[Short descriptive text snippets]

⁂

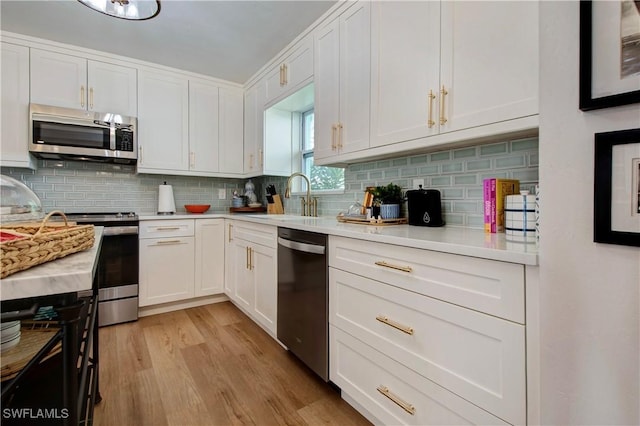 kitchen with stainless steel appliances, sink, white cabinets, and backsplash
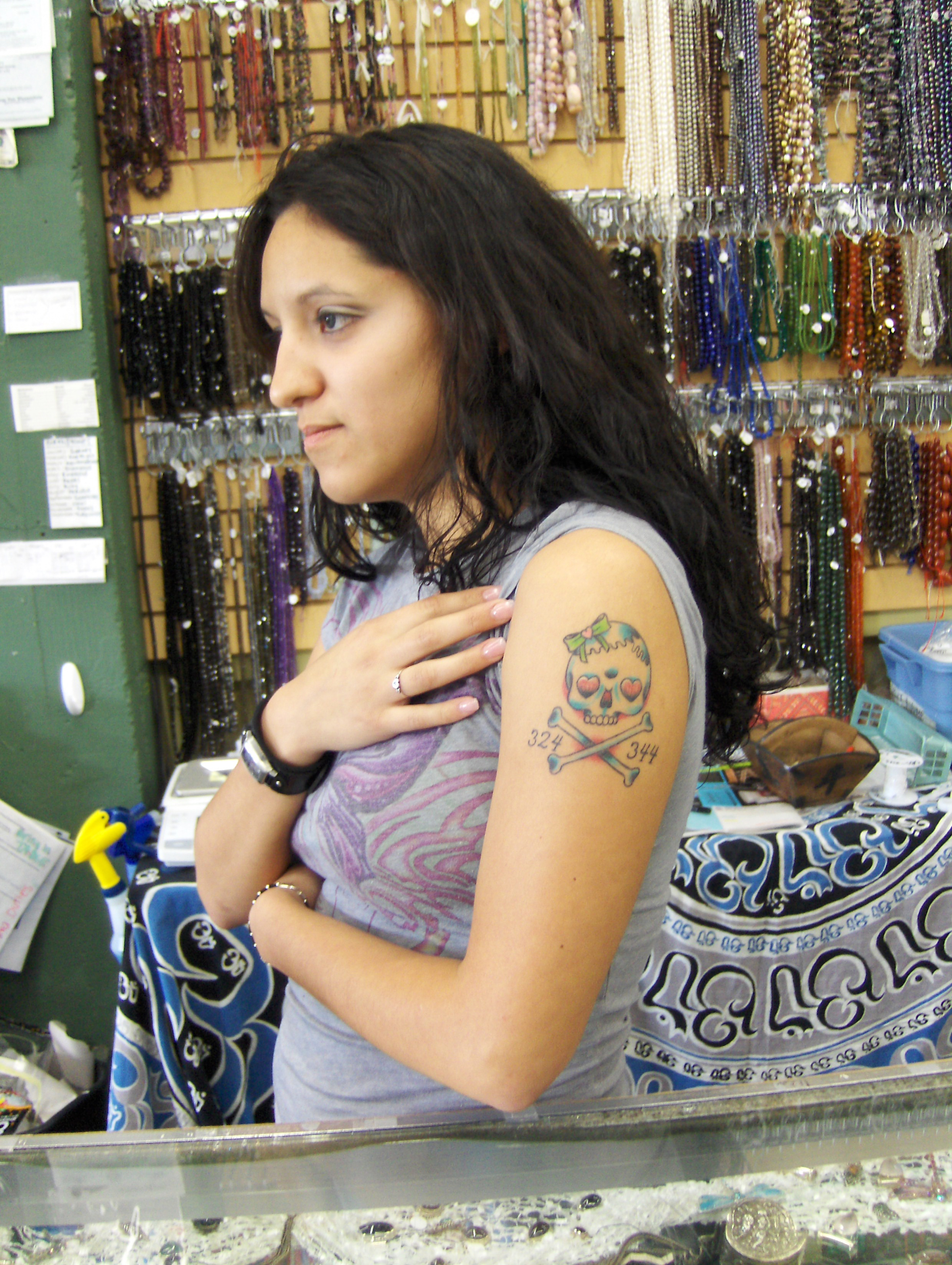 A skull tattoo on Venesa B's arm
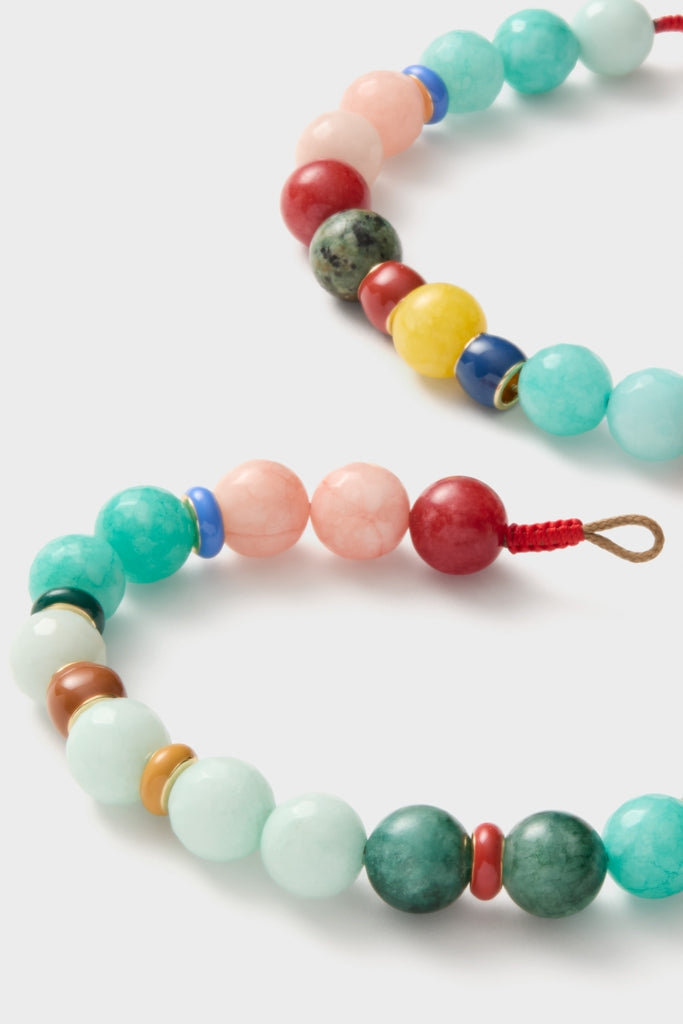 Close-up of the Multi Bright By Nature Necklace, featuring classic, vibrant semi-precious beads with enamel rondelles, offering an effortless, fun, high-end accessory with a button closure.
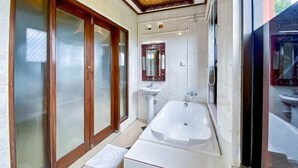 A bathroom with a bathtub, a sink, and a mirror. - RedDoorz @ Garden Suly Villa Peliatan Ubud (Bali)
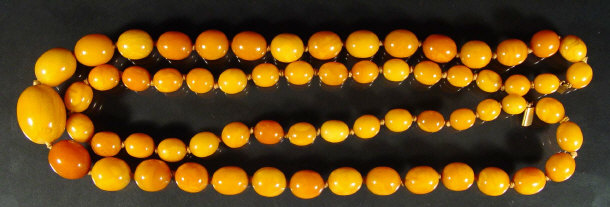 Appraisal: Double string of amber beads on an unmarked gold clasp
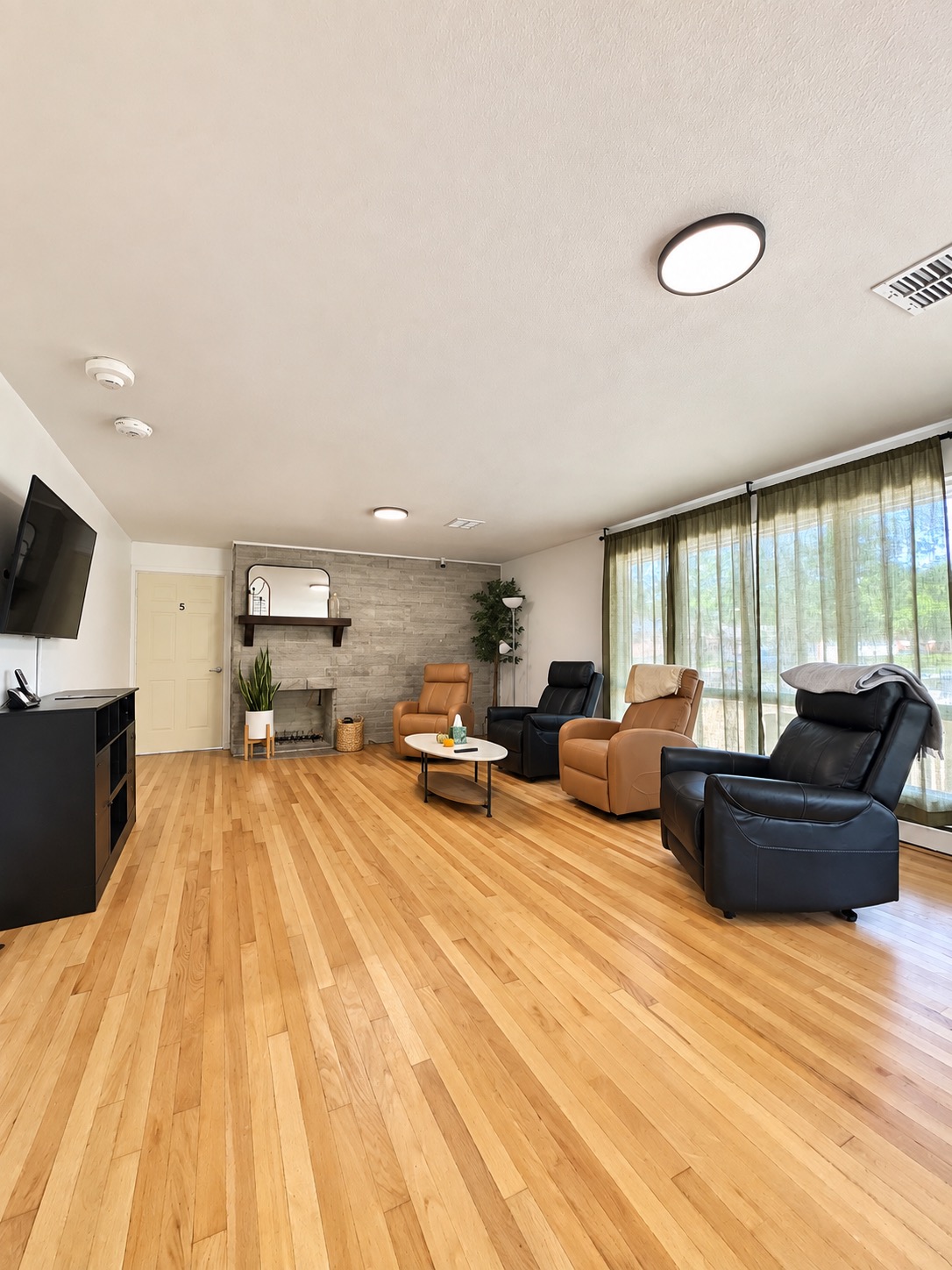 Living room with recliners and a view toward the windows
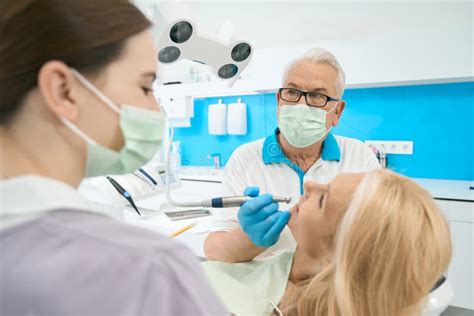 Male Orthodontist Doing Correctly Treatment Above Oral Cavity In Dental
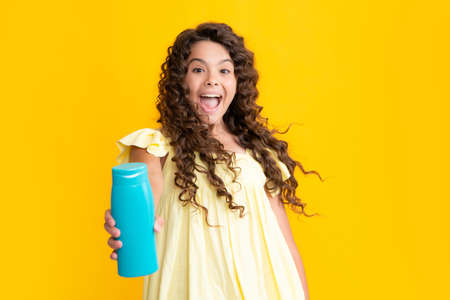 Teenager child girl with bottle shampoo conditioners or shower gel. Kids hair care. Hair cosmetic product, shampoo bottle. Excited teenager, glad amazed and overjoyed emotions.の写真素材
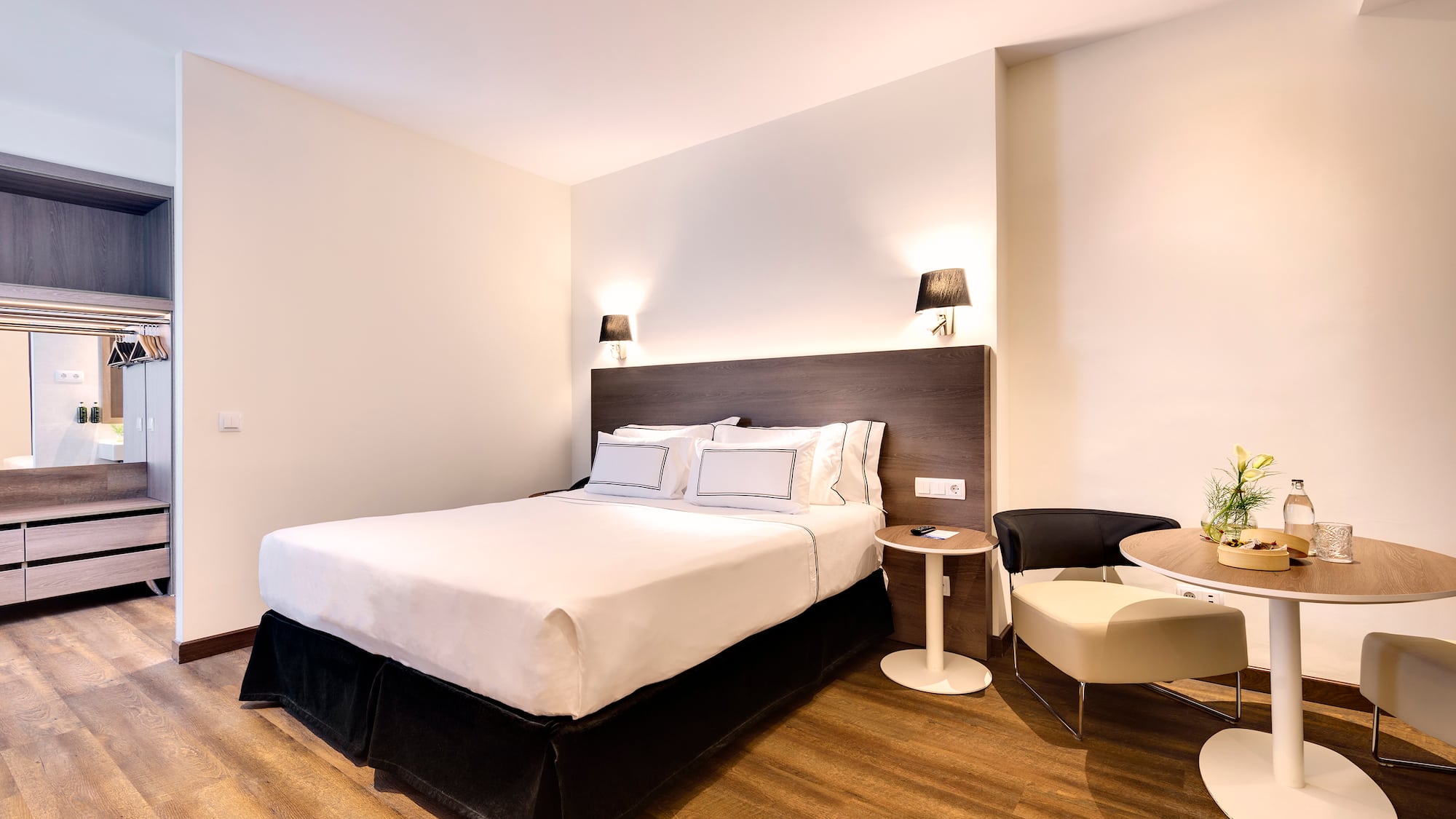 a bedroom with a bed and a table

⁂

_PROBLEM STATEMENT:_
What is needed is an exact printout of every record above, with the pictures left out.

_YOUR RESPONSE:_
 kitchen with stainless steel appliances, sink, white cabinets, and backsplash
 A skull tattoo on Venesa B's arm
 Close-up of the Multi Bright By Nature Necklace, featuring classic, vibrant semi-precious beads with enamel rondelles, offering an effortless, fun, high-end accessory with a button closure.
 A bathroom with a bathtub, a sink, and a mirror. - RedDoorz @ Garden Suly Villa Peliatan Ubud (Bali)
 Appraisal: Double string of amber beads on an unmarked gold clasp
 Living room with recliners and a view toward the windows
 Male Orthodontist Doing Correctly Treatment Above Oral Cavity In Dental
 Teenager child girl with bottle shampoo conditioners or shower gel. Kids hair care. Hair cosmetic product, shampoo bottle. Excited teenager, glad amazed and overjoyed emotions.の写真素材
 a bedroom with a bed and a table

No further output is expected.